My point is mostly the agenda. I can see a machine having an agenda - even if that agenda is not human or not even understandable. You can call it reward function but that's giving a lot of credit to programmers - which most likely are too far removed from the agenda. Is the machine just answering questions? Well no. If it has cycles to talk to itself (or to two buddies) in the course or pursuing scientific research then perhaps this becomes the agenda (to the expense of other things). That's part of the point: IF the machine develops an agenda then what?

But "knowing best" could be a problem anyway.

And I expect that if we spend a few more minutes we can think of other ways for the situation to go "oops". Oh here is one: two humans / human entities conflicting on giving instructions. Machine soon enough "on its own".

So that I don't think "more specific alignment" can cut it - if we posit a super-human AGI with ways to act on the world.
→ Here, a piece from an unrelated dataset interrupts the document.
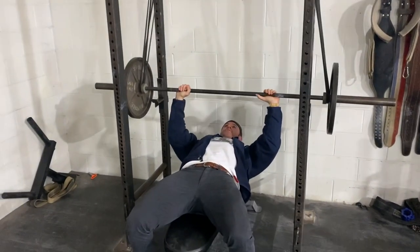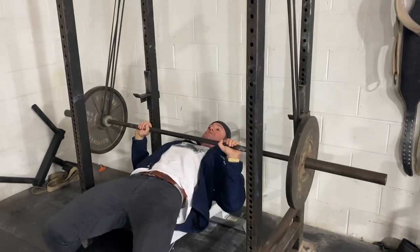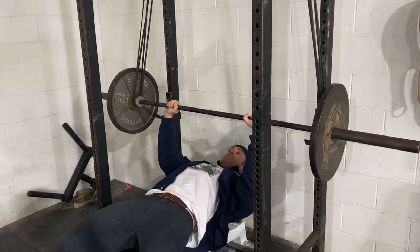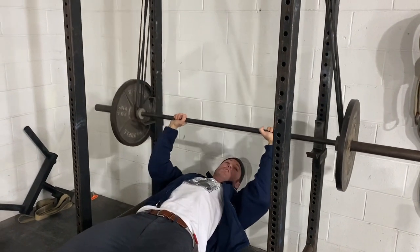You're setting yourself up just like a normal bench. You come down, and then as you press up, the bands stretch and give you bar tension towards lockout. So you can do conjugate max effort work and overload at the top — it's kind of the opposite of bands pulling you down.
It would have to be more fundamental. Because of the issue that - at some point - one oops is not recoverable. Three laws or something? Heh.

Ok, those are some good points about what can go wrong. I still doubt that things are particularly more prone to going wrong in more intelligent systems. Wasn't it early, simplistic systems like Tay that went the furthest off the rails? The problem is that more intelligent AI will be used more ambitiously, so when it does go wrong, the consequences might be more serious than some racist twitter posts.
Right. Hedge fund going global threat? That wasn't purely a machine. But none of this needs to be purely a machine. And it sure got far before people reined it back in.

And I don't know that "more intelligent" is necessary. I can see plenty of mirth coming from an amateur or hacker / techies group or less responsible country (hah!) using whatever commercial offer to bake their own agent. What's harder? The core. Hooking up the core to a wallet, internet access, a robo-signing staff - and working around the fine print of the core vendor - that might be much easier than what OpenAI and friends are trying to do. Do they also create their own reward function and alignment in there? Yes. That's part of the fun. That's the point. Do they get it right? Maybe, maybe not.

> Is it fair to say that alignment is just the task of getting an AI to understand your intentions

To understand and not violate them. In other words, it's about aligning the values the AI uses to guide it's decision procedures, with the humans that are operating it.